_Data extracts_
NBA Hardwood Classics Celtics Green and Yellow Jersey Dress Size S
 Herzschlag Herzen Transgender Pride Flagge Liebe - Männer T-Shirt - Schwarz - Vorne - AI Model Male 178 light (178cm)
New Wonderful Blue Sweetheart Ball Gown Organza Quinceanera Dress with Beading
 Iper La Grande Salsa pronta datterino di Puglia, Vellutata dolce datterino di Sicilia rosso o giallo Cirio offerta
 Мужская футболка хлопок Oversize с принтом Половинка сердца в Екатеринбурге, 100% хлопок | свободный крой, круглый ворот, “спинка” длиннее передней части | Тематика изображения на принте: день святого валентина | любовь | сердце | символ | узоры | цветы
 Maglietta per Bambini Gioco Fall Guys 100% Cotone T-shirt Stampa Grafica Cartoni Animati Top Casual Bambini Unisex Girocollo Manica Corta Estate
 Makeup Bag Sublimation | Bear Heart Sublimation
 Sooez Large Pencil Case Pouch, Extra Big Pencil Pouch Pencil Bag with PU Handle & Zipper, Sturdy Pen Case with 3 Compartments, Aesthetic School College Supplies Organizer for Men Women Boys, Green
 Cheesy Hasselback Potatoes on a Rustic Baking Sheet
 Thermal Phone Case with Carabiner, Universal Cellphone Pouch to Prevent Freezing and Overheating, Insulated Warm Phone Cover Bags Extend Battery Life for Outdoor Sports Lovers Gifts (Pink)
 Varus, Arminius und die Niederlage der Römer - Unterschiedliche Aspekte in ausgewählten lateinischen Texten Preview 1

_Your goal_
Would you please write out, exactly and with no other lines, the stretch of the listing above from the line containing "Herzschlag Herzen Transgender" through the line containing "Мужская футболка хлопок"?

_Result of the exercise_
 Herzschlag Herzen Transgender Pride Flagge Liebe - Männer T-Shirt - Schwarz - Vorne - AI Model Male 178 light (178cm)
New Wonderful Blue Sweetheart Ball Gown Organza Quinceanera Dress with Beading
 Iper La Grande Salsa pronta datterino di Puglia, Vellutata dolce datterino di Sicilia rosso o giallo Cirio offerta
 Мужская футболка хлопок Oversize с принтом Половинка сердца в Екатеринбурге, 100% хлопок | свободный крой, круглый ворот, “спинка” длиннее передней части | Тематика изображения на принте: день святого валентина | любовь | сердце | символ | узоры | цветы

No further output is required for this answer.